The United States should endorse a nuclear-free world with conviction, as President Obama did in his 2009 Prague speech. But it should not work to create a treaty now and should not sign any treaty that others might create for the foreseeable future. The right time horizon for seriously pushing a new nuclear accord is when most of the world's half dozen or so major territorial and existential issues involving major powers are resolved-and this cannot be set to a calendar as precisely as the Global Zero movement would like. Discussed further below, these issues include the status of Taiwan, the issue of Kashmir, political relations between Russia and the key "near-abroad" states of Georgia and Ukraine, and the state of Israel. Nuclear crises involving Iran and North Korea also need to be addressed, although the beginnings of a move toward nuclear disarmament might not have to await their complete resolution. Once these contentious matters are largely resolved, the plausibility of great-power war over any imaginable issue that one can identify today will be very low. That will in turn make the basic structure and functioning of the international political system stable enough to risk moving toward a nuclear-free world-a process so radical as to be inherently destabilizing in some sense and thus prudent to pursue only when the great powers are in a cooperative mode and undivided by irredentist territorial issues.

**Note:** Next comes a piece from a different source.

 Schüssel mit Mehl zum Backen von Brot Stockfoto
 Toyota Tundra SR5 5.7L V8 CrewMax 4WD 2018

Some will argue that there is no foreseeable period of great-power peace and thus no prospect of the preconditions required for moving to a denuclearized world. They believe for the most part that the prospects of great-power war in the future will be as, or nearly as, great as they were in prenuclear eras of human history. Such individuals often call themselves realists and imply that ideas such as nuclear disarmament are just too utopian to be within mankind's reach. But as argued below, this so-called realist argument is also problematic-the history of fallible mankind, and particularly of the nuclear age to date, makes it hard to believe that nuclear weapons will never be used if they continue to occupy a central role in international politics. If realism means that nuclear war likely will occur someday, how can such a worldview be called prudent-indeed, how can it even be called realist, with all the connotations of pragmatism that the term implies?
That said, my vision for nuclear disarmament is one of dismantling nuclear warheads-a vision that should not be confused with their permanent abolition, a term favored by some. The desire to eliminate such weapons forever is understandable, given their incredible destructive power; most plausible uses of nuclear weapons would in fact be inhumane and illegitimate. But it is war itself that is most inhumane, and war targeting civilians through whatever means is the fundamental moral blight we should be trying to eliminate. Certain forms of highly lethal biological weapons attack with advanced pathogens, large-scale conventional conflict resembling the world wars, and wars that include genocide could be every bit as inhumane as a nuclear attack. Outlawing nuclear weapons in a way that increases the prospects of other types of immoral warfare would be no accomplishment at all. Therefore, even as the international community strives to dismantle nuclear weapons, it needs practical options for rebuilding them should other perils present themselves-not only suspected pursuit of nuclear arms by a country bent on violating the accord but perhaps also the development of advanced biological pathogens (a threat the Obama administration's 2010 Nuclear Posture Review considers) or an especially threatening conventional military buildup by a future extremist state. That is the broad, strategic argument in favor of preserving options for reconstitution, even after a nuclear disarmament treaty is signed and implemented.